Purtroppo quanto accaduto è il segno inequivocabile del tentativo di portare tutta la comunità verso un declino sociale

Scritte fasciste su ritratto di Paolo Vinti, Pd di Perugia: “Gesto vile e violento"

Scritte fasciste su ritratto di Paolo Vinti, Pd di Perugia: “Gesto vile e violento”

PERUGIA – “Chi ha imbrattato il ritratto di Paolo Vinti nel cuore della nostra città, culla del pacifismo capitiniano e di una cultura della tolleranza e del confronto, ha compiuto un gesto di una violenza e di una gravità inaudite. Di fronte a tanta viltà, dopo i terribili fatti di Macerata, il Pd di Perugia e il gruppo consiliare, insieme al circolo di Monteluce Raffaele Rossi, esprimono la più ferma condanna e rinnovano l’impegno per una società dell’accoglienza, della tolleranza, della conoscenza, dell’antifascismo costituzionale, valori costituenti il Dna della città e che Paolo Vinti, insieme a tanti perugini perbene, al di là delle proprie idee politiche, ha contribuito a coltivare e ad alimentare”. Così, in una nota del Partito Democratico del capoluogo.

“Purtroppo quanto accaduto è il segno inequivocabile del tentativo di portare tutta la comunità verso un declino sociale e culturale che non lascia immune nemmeno la nostra città. È nostro preciso dovere, ora, contrastare con la forza della ragione e del rispetto un clima di intolleranza, sul quale troppi soffiano alla ricerca di una manciata di voti, alimentando l’odio, il razzismo e la paura del diverso.

La fuorviante equazione immigrazione uguale insicurezza si combatte garantendo il rispetto sia della legalità sia della dignità umana, proseguendo e migliorando l’importante lavoro dell’esecutivo Pd. Di primaria importanza anche la politica della Regione Umbria, che rappresenta un modello unico in Italia per l’accoglienza, e che si avvale del prezioso lavoro di reti di associazioni, a cominciare da Arci e Caritas, al servizio dell’integrazione culturale, economica e sociale degli immigrati nelle nostre comunità”.

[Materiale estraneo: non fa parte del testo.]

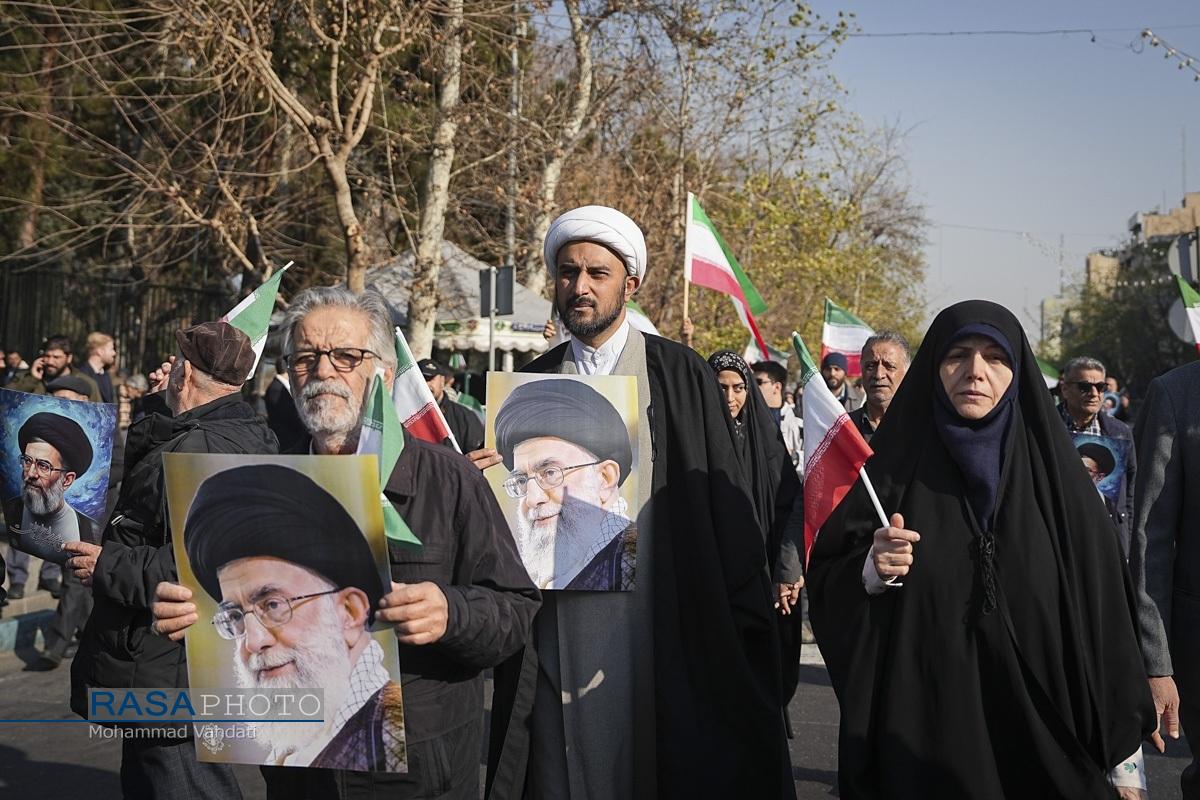 خروش مردم تهران علیه تروریست‌های آشوب‌گر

Quello che ci chiediamo – conclude la nota – è se finalmente la giunta di Perugia e il candidato Prisco che ne fa parte troveranno la forza per prendere posizione chiara e netta o se manterranno su temi tanto delicati un silenzio assordante e intollerabile, come quello riservato alla marcia di Casapound. Silenzi che negano alla radice la storia di Perugia e che, oltre ad apparire come tacito assenso, rischiano di alimentare una cultura dell’odio, dell’intolleranza che portano solo violenza indiscriminata e negazione del futuro”.

Proprio per affrontare il tema dell’integrazione il Pd di Perugia si fa promotore di un incontro tra i propri candidati alle politiche e gli operatori del settore, per confrontarsi e ascoltare chi ogni giorno si impegna per una società aperta, plurale e rispettosa delle persone.